┌──
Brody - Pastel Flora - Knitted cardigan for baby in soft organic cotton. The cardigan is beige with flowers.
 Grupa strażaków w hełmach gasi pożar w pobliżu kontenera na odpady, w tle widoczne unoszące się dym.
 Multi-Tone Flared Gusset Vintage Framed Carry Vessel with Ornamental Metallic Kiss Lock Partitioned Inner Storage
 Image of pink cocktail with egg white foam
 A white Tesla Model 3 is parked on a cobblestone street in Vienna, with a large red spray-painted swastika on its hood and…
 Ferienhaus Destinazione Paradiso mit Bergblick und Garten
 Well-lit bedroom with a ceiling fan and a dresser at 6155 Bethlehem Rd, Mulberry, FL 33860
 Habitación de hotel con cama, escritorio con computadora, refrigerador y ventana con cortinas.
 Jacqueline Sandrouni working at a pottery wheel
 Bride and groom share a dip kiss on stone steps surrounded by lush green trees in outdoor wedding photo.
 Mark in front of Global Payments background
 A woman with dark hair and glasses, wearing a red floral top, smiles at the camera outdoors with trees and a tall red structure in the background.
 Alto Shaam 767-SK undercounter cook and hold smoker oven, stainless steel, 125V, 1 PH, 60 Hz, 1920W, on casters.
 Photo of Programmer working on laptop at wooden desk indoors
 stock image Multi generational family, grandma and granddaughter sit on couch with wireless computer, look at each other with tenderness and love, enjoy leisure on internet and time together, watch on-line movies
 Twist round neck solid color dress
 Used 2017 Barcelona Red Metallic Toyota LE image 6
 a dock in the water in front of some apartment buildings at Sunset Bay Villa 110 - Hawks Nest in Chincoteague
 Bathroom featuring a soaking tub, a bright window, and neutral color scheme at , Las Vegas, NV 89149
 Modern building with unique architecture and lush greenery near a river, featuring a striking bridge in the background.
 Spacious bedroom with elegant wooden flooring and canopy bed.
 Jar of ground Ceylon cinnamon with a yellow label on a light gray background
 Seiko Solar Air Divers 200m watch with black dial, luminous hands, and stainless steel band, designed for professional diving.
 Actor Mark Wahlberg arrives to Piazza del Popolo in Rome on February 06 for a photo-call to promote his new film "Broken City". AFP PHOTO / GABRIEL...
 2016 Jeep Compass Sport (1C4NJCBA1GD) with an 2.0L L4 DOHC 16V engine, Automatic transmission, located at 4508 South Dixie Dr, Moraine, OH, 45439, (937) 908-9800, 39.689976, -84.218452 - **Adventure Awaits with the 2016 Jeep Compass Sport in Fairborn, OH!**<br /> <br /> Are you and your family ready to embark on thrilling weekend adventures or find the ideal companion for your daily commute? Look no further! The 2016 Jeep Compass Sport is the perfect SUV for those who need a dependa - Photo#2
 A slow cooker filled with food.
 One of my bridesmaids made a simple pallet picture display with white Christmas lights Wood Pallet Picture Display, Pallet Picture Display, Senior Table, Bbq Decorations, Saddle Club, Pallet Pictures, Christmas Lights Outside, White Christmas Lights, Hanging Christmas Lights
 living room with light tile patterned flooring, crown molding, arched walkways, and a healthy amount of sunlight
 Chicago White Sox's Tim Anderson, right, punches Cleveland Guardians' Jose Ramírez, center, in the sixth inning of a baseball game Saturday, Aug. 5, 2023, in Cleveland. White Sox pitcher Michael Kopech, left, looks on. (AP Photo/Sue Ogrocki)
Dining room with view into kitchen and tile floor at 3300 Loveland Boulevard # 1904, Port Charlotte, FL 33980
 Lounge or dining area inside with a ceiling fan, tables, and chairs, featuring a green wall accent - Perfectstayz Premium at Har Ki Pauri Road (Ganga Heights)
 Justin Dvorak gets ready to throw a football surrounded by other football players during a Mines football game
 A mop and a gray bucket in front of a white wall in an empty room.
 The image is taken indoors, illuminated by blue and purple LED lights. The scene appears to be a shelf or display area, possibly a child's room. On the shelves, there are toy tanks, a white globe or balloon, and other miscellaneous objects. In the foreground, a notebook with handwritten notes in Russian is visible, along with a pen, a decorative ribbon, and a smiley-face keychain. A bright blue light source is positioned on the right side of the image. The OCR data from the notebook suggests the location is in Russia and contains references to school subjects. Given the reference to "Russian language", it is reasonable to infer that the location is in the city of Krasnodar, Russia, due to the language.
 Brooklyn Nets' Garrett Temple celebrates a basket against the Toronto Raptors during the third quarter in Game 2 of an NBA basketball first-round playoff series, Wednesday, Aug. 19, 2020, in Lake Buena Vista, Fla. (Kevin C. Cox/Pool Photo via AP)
└──
• **AIM OF THE TASK**
Your task is to transcribe the material exactly.

• **TASK SOLUTION**
Brody - Pastel Flora - Knitted cardigan for baby in soft organic cotton. The cardigan is beige with flowers.
 Grupa strażaków w hełmach gasi pożar w pobliżu kontenera na odpady, w tle widoczne unoszące się dym.
 Multi-Tone Flared Gusset Vintage Framed Carry Vessel with Ornamental Metallic Kiss Lock Partitioned Inner Storage
 Image of pink cocktail with egg white foam
 A white Tesla Model 3 is parked on a cobblestone street in Vienna, with a large red spray-painted swastika on its hood and…
 Ferienhaus Destinazione Paradiso mit Bergblick und Garten
 Well-lit bedroom with a ceiling fan and a dresser at 6155 Bethlehem Rd, Mulberry, FL 33860
 Habitación de hotel con cama, escritorio con computadora, refrigerador y ventana con cortinas.
 Jacqueline Sandrouni working at a pottery wheel
 Bride and groom share a dip kiss on stone steps surrounded by lush green trees in outdoor wedding photo.
 Mark in front of Global Payments background
 A woman with dark hair and glasses, wearing a red floral top, smiles at the camera outdoors with trees and a tall red structure in the background.
 Alto Shaam 767-SK undercounter cook and hold smoker oven, stainless steel, 125V, 1 PH, 60 Hz, 1920W, on casters.
 Photo of Programmer working on laptop at wooden desk indoors
 stock image Multi generational family, grandma and granddaughter sit on couch with wireless computer, look at each other with tenderness and love, enjoy leisure on internet and time together, watch on-line movies
 Twist round neck solid color dress
 Used 2017 Barcelona Red Metallic Toyota LE image 6
 a dock in the water in front of some apartment buildings at Sunset Bay Villa 110 - Hawks Nest in Chincoteague
 Bathroom featuring a soaking tub, a bright window, and neutral color scheme at , Las Vegas, NV 89149
 Modern building with unique architecture and lush greenery near a river, featuring a striking bridge in the background.
 Spacious bedroom with elegant wooden flooring and canopy bed.
 Jar of ground Ceylon cinnamon with a yellow label on a light gray background
 Seiko Solar Air Divers 200m watch with black dial, luminous hands, and stainless steel band, designed for professional diving.
 Actor Mark Wahlberg arrives to Piazza del Popolo in Rome on February 06 for a photo-call to promote his new film "Broken City". AFP PHOTO / GABRIEL...
 2016 Jeep Compass Sport (1C4NJCBA1GD) with an 2.0L L4 DOHC 16V engine, Automatic transmission, located at 4508 South Dixie Dr, Moraine, OH, 45439, (937) 908-9800, 39.689976, -84.218452 - **Adventure Awaits with the 2016 Jeep Compass Sport in Fairborn, OH!**<br /> <br /> Are you and your family ready to embark on thrilling weekend adventures or find the ideal companion for your daily commute? Look no further! The 2016 Jeep Compass Sport is the perfect SUV for those who need a dependa - Photo#2
 A slow cooker filled with food.
 One of my bridesmaids made a simple pallet picture display with white Christmas lights Wood Pallet Picture Display, Pallet Picture Display, Senior Table, Bbq Decorations, Saddle Club, Pallet Pictures, Christmas Lights Outside, White Christmas Lights, Hanging Christmas Lights
 living room with light tile patterned flooring, crown molding, arched walkways, and a healthy amount of sunlight
 Chicago White Sox's Tim Anderson, right, punches Cleveland Guardians' Jose Ramírez, center, in the sixth inning of a baseball game Saturday, Aug. 5, 2023, in Cleveland. White Sox pitcher Michael Kopech, left, looks on. (AP Photo/Sue Ogrocki)
Dining room with view into kitchen and tile floor at 3300 Loveland Boulevard # 1904, Port Charlotte, FL 33980
 Lounge or dining area inside with a ceiling fan, tables, and chairs, featuring a green wall accent - Perfectstayz Premium at Har Ki Pauri Road (Ganga Heights)
 Justin Dvorak gets ready to throw a football surrounded by other football players during a Mines football game
 A mop and a gray bucket in front of a white wall in an empty room.
 The image is taken indoors, illuminated by blue and purple LED lights. The scene appears to be a shelf or display area, possibly a child's room. On the shelves, there are toy tanks, a white globe or balloon, and other miscellaneous objects. In the foreground, a notebook with handwritten notes in Russian is visible, along with a pen, a decorative ribbon, and a smiley-face keychain. A bright blue light source is positioned on the right side of the image. The OCR data from the notebook suggests the location is in Russia and contains references to school subjects. Given the reference to "Russian language", it is reasonable to infer that the location is in the city of Krasnodar, Russia, due to the language.
 Brooklyn Nets' Garrett Temple celebrates a basket against the Toronto Raptors during the third quarter in Game 2 of an NBA basketball first-round playoff series, Wednesday, Aug. 19, 2020, in Lake Buena Vista, Fla. (Kevin C. Cox/Pool Photo via AP)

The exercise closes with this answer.